Score-based generative modeling through stochastic differential equations. In International Conference on Learning Representations, 2021.
@inproceedings{song2021scorebased,
author = {Yang Song and
Jascha Sohl{-}Dickstein and
Diederik P. Kingma and
Abhishek Kumar and
Stefano Ermon and
Ben Poole},
title = {Score-Based Generative Modeling through Stochastic Differential Equations},
booktitle = {9th International Conference on Learning Representations, {ICLR}},
year = {2021},
}
TL;DR:
One remarkable propoerty of score-based generative models is the capability to control the generating proces in a principled way.
Given an unconditional score-based model that generates images of dogs and cats, how can we generate only images of dogs?

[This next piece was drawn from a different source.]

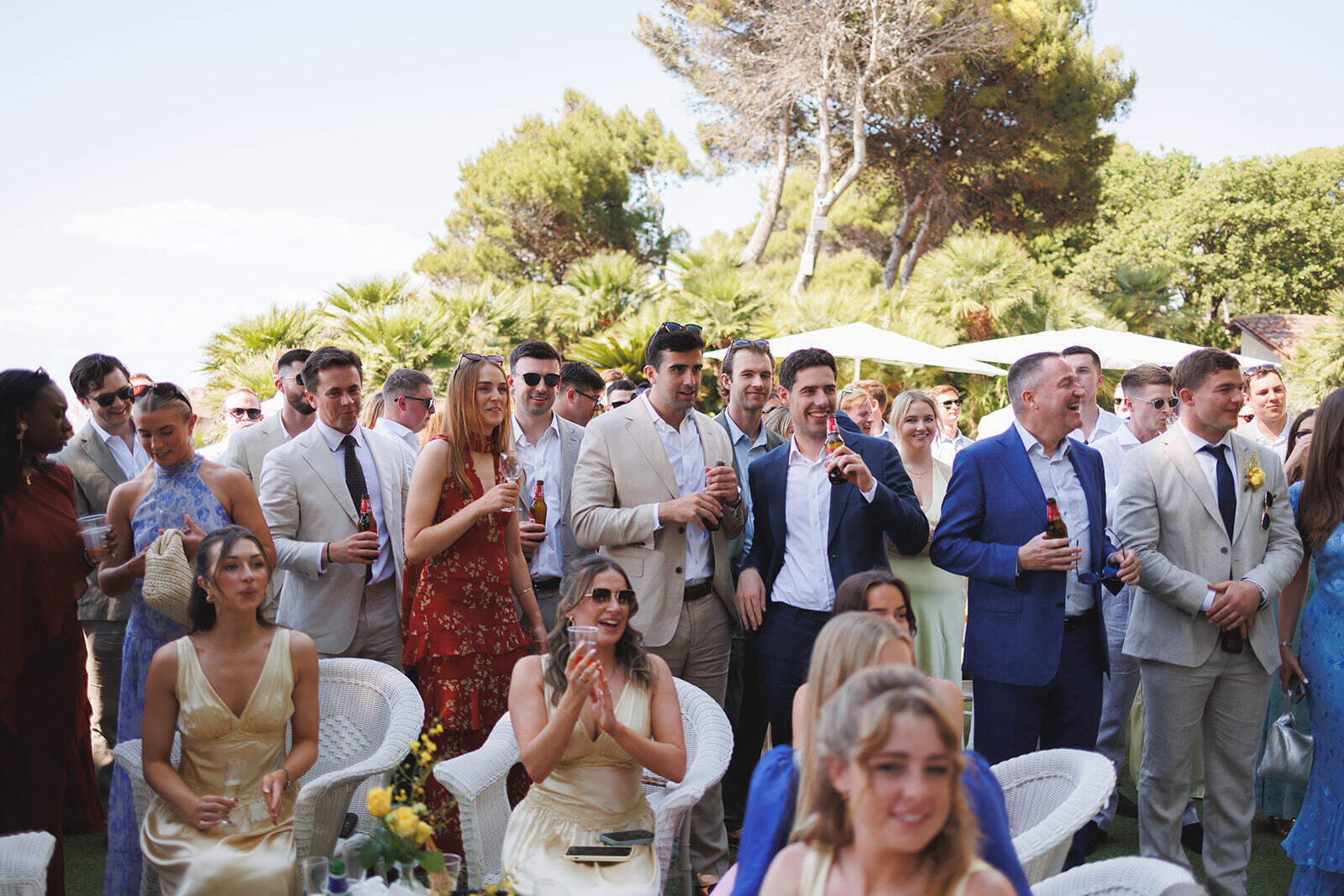 Invitati riuniti all’aperto fra gli alberi durante l’aperitivo a Palazzo Belmonte.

Suppose we are given a fordard model, which is basically an image classifier that gives us the label of an image $y$ from an image $x$. We want to specify a control signal which is a target label $y$, that is, specifying the target label to be dog. Then, we hope to sample from the conditional distribution of $x$ given $y$. This conditional distribution will provide images of dogs only. This is called inverse distribution because we can view it as a probabilistic inversion of the forward model.

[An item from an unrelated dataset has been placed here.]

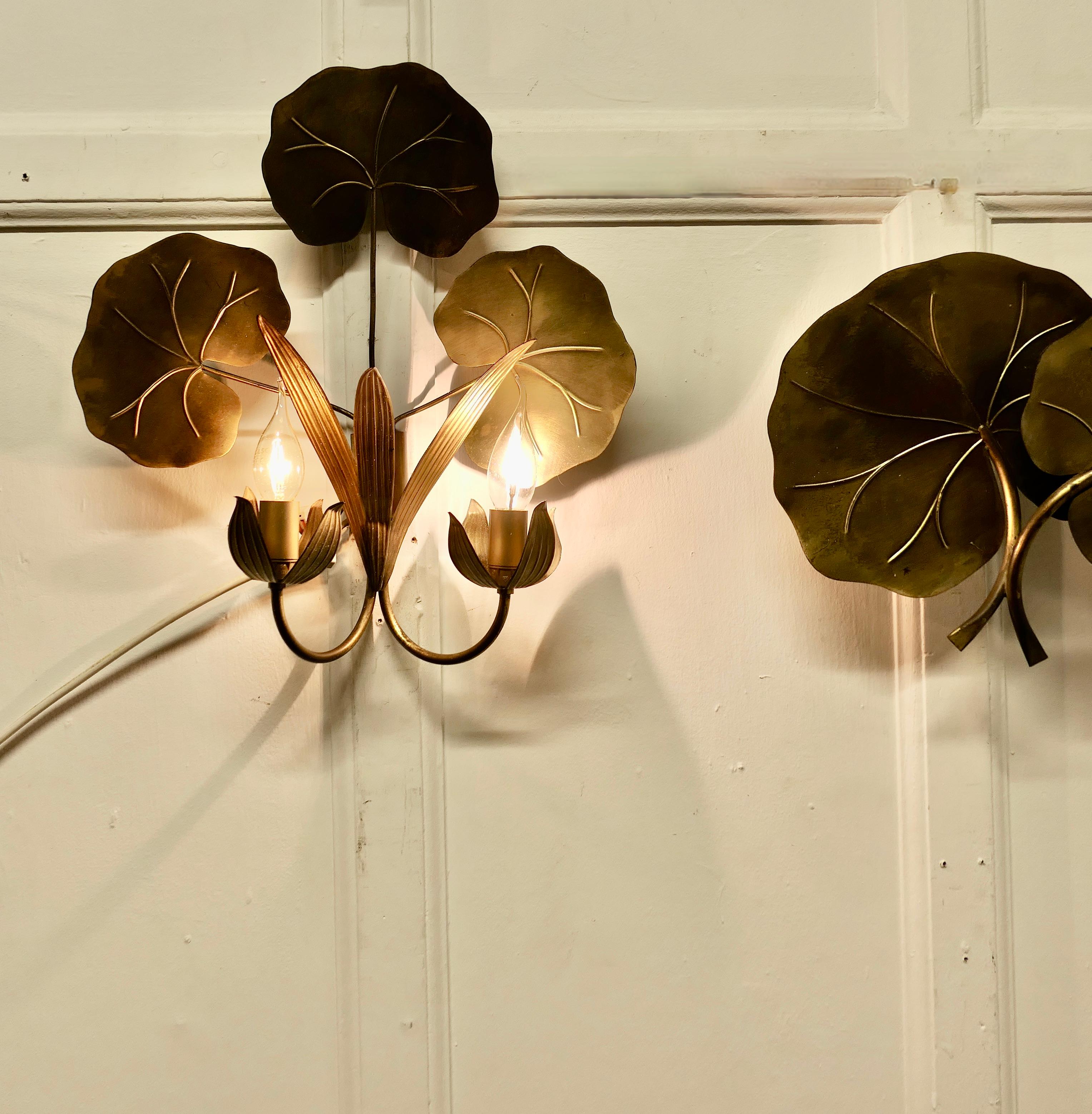 A Set of 3 of French Gilded Brass Wall Lights  These are very pretty set of wall 1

So, how can we obtain this inverse distribution?
The standard approach is to leverage the Baye’s rule. In Baye’s rule, we have the unconditional distribution $p(\mathbf{x})$ and we are given the forward model $p(\mathbf{y} \vert \mathbf{x})$, but we do not know the denominator $p(\mathbf{y})$. The denominator is the normalizing constant of the inverse distribution.
$$ p(\mathbf{x} \vert \mathbf{y}) = \frac{p(\mathbf{x}) p(\mathbf{y} \vert \mathbf{x})}{p(\mathbf{y})} $$
As it is done in [Song et al. UAI 2019], we can use score functions to bypass this challenge in Baye’s rule, and we can derive the Baye’s rule for score functions very easily by taking the logarithm on both sides an the gradient.
$$ \nabla_x \text{log} p(\mathbf{x} \vert \mathbf{y}) = \nabla_x \text{log} p(\mathbf{x}) + \nabla_x \text{log} p(\mathbf{y} \vert \mathbf{x}) - \nabla_x \text{log} p(\mathbf{y}) $$
The denominator becomes zero: $\nabla_x \text{log} p(\mathbf{y}) = 0$, so the score function of the inverse distribution now becomes a simple summation with two terms: $\nabla_x \text{log} p(\mathbf{x})$ is the unconditional score function that can be estimated by training an unconditional score model $\nabla_x \text{log} p(\mathbf{x}) \approx s_\theta(\mathbf{x})$, and the second term $\nabla_x \text{log} p(\mathbf{y} \vert \mathbf{x})$ is the gradient of the log forward model.
$$ \nabla_x \text{log} p(\mathbf{x} \vert \mathbf{y}) = \nabla_x \text{log} p(\mathbf{x}) + \nabla_x \text{log} p(\mathbf{y} \vert \mathbf{x}) $$
In the image domain, the forward model is an image classifier and the gradient can be easily computed through backpropagation.
With this approach, we can use different forward models or exactly the same score model, so we only have to train the unconditional score model once and repurpose the unconditional score model for various conditional generation applications just by switching the forward model.